◆ AIM OF THE EXERCISE
For this exercise, output exactly and only the lines running from the one with "A Pair of White Cement Urns" through the final line of the data below, without pictures.

◆ DATA EXTRACT
------------------------------------------------------------
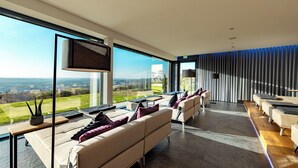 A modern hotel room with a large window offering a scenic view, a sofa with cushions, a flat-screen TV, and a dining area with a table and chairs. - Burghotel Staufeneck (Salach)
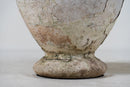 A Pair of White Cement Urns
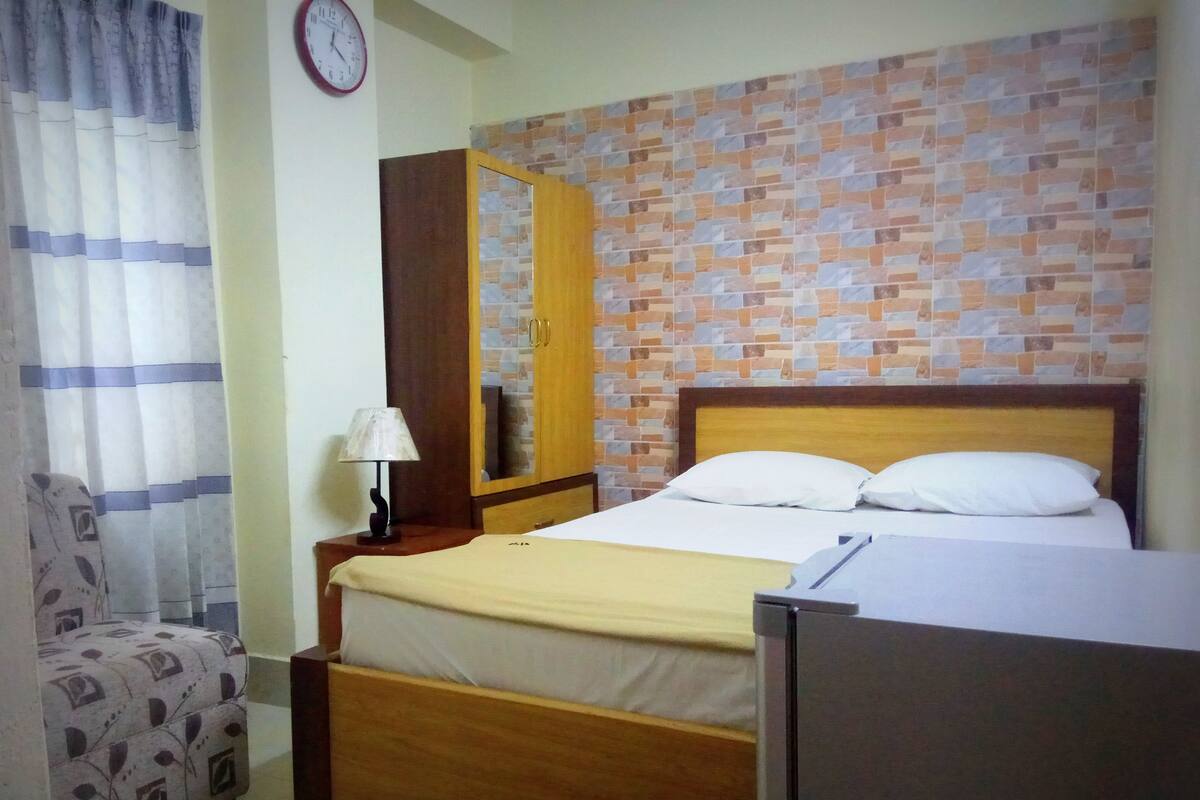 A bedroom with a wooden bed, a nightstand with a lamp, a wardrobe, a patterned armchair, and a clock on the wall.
------------------------------------------------------------
◆ EXERCISE RESULT
 A Pair of White Cement Urns
 A bedroom with a wooden bed, a nightstand with a lamp, a wardrobe, a patterned armchair, and a clock on the wall.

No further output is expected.